Belle Brandon was a birdling of the mountain,
In freedom she sported on the lea,
And they said the life current of the red man
Tinged her veins, from a far distant sea.

And she loved her humble dwelling on the prairie,
And her guileless happy heart clung to me,
And I loved the little beauty, Belle Brandon,
And we both loved the old arbor tree.

On the trunk of an aged tree I carved them,
And our names on the sturdy oak remain,
But I now repair in sorrow to its shelter,
And murmur to the wild winds my pain.

And I sat there in solitude repining,
For the beauty dream night brought to me,
Death has wed the little beauty, Belle Brandon,
And she sleeps ’neath the old arbor tree.

Belle Brandon is called "a birdling of the mountain"--a way of saying the speaker's one-time (now deceased) girlfriend Belle Brandon was in tune with nature, enjoying the freedom of birds.

Richard Jose recorded for the Victor Talking Machine Company exclusively and was popular during that company's early Monarch-Deluxe and Grand Prize periods.

Richard Jose was the first countertenor to make records, including brown wax cylinders in 1892, such as "Poor Blind Boy."

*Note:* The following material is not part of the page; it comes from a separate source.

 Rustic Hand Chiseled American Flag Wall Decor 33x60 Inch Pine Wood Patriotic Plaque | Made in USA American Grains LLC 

Most of Jose's discs, including the earliest with Monarch and Deluxe labels (Victor used these words on early ten- and twelve-inch discs, respectively), identify him as "counter-tenor" though on some labels Jose is identified as "tenor." Jose was more often billed as a tenor than as a countertenor in minstrel shows.

A book titled "Silver Threads Among the Gold in the Life of Richard J. Jose" was self-published by Grace M. Wilkinson. Copyright date is February 8, 1945.

Only once does Wilkinson refer to Jose as a countertenor: "His popularity in vaudeville as a contra-tenor was very much like that of Caruso in Italian grand opera." Jose's range is noted: "Mr. Jose's compass was from D above middle C to E above high C."

He was born in England in a Cornish village, Lanner, on June 5, 1862. Various sources give later dates since Jose (and his wife) pretended that Jose was younger than he really was.

Wilkinson refers to a home built in Lanner by Captain James Francis and writes, "In this home, all of Captain Francis' children were born. His daughter, Elizabeth...was now being courted by a young Spanish miner, Richard Jose. His ancestors had come from Spain to work in the tin mines at Cornwall."